*What the exercise asks*
Would you please transcribe, exactly as written, the lines of the entries below starting at the one that holds "Kapel Wheat Straw Fiber Sunglasses 3" and ending at the one that holds "Как дети могут", both included?

[[ Supplied entries open ]]

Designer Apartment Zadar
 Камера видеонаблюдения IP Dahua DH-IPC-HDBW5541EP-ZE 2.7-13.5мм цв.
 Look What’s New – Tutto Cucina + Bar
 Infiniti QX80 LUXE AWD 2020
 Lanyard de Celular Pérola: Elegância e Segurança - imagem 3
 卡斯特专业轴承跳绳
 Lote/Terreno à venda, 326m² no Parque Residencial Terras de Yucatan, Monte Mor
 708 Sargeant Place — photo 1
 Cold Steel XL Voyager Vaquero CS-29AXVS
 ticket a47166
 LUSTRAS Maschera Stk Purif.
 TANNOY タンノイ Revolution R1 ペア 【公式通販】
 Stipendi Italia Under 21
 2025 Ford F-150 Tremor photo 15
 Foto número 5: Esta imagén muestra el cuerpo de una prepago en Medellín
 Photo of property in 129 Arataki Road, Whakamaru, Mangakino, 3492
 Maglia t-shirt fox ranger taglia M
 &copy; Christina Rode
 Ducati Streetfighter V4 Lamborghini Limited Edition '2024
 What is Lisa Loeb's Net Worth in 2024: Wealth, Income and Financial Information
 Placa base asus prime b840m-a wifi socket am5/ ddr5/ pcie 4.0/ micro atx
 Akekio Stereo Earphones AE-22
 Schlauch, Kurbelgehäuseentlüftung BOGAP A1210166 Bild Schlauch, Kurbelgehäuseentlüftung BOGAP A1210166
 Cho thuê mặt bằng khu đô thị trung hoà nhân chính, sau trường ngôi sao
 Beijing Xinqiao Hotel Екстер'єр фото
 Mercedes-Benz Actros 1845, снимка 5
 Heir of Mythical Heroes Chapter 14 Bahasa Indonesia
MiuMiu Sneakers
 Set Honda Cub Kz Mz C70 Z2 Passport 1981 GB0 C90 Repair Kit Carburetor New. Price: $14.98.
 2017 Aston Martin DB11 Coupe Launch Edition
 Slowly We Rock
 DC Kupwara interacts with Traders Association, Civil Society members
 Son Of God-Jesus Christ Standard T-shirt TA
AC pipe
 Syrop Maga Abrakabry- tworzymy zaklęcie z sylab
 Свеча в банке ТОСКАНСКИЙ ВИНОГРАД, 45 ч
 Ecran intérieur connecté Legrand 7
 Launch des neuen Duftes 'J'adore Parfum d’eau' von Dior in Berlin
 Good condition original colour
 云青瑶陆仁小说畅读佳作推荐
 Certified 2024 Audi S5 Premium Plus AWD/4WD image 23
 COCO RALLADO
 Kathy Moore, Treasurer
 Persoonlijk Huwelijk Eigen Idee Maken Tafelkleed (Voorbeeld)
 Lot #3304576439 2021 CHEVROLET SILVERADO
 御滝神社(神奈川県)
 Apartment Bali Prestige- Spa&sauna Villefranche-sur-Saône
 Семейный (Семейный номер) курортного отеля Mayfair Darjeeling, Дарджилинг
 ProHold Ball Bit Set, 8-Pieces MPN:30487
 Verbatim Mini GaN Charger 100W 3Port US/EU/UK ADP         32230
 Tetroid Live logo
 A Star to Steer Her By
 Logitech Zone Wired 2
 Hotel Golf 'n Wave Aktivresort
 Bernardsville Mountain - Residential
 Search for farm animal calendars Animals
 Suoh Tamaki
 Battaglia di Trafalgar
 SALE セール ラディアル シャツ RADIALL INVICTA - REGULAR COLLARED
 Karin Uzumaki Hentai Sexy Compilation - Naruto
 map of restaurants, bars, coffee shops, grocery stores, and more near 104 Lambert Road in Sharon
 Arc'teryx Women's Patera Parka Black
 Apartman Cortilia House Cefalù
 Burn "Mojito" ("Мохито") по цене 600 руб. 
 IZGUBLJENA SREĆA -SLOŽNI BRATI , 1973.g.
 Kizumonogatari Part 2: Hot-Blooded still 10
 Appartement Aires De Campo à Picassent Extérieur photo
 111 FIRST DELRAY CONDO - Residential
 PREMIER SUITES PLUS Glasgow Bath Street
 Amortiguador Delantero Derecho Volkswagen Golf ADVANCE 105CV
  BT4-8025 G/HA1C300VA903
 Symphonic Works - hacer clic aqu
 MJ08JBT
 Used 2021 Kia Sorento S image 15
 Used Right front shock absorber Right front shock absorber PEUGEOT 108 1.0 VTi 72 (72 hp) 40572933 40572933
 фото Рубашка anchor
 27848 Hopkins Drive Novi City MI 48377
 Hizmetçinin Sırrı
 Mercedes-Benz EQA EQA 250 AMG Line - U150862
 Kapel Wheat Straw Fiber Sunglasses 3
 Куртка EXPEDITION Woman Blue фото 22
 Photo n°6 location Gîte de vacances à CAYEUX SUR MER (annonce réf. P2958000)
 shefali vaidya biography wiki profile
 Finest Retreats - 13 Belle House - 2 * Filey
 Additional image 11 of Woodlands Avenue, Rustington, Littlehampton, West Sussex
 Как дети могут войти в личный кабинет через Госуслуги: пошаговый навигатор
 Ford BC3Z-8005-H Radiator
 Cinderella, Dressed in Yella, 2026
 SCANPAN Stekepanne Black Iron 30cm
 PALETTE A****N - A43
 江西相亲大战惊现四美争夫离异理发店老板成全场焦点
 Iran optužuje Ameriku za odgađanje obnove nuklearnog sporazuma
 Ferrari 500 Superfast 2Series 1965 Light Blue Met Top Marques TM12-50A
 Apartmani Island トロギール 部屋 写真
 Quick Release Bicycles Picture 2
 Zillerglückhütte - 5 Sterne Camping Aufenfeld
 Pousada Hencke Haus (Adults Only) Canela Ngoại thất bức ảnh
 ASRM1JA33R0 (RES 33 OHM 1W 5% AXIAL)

[[ Supplied entries closed ]]

*Output for this exercise*
 Kapel Wheat Straw Fiber Sunglasses 3
 Куртка EXPEDITION Woman Blue фото 22
 Photo n°6 location Gîte de vacances à CAYEUX SUR MER (annonce réf. P2958000)
 shefali vaidya biography wiki profile
 Finest Retreats - 13 Belle House - 2 * Filey
 Additional image 11 of Woodlands Avenue, Rustington, Littlehampton, West Sussex
 Как дети могут войти в личный кабинет через Госуслуги: пошаговый навигатор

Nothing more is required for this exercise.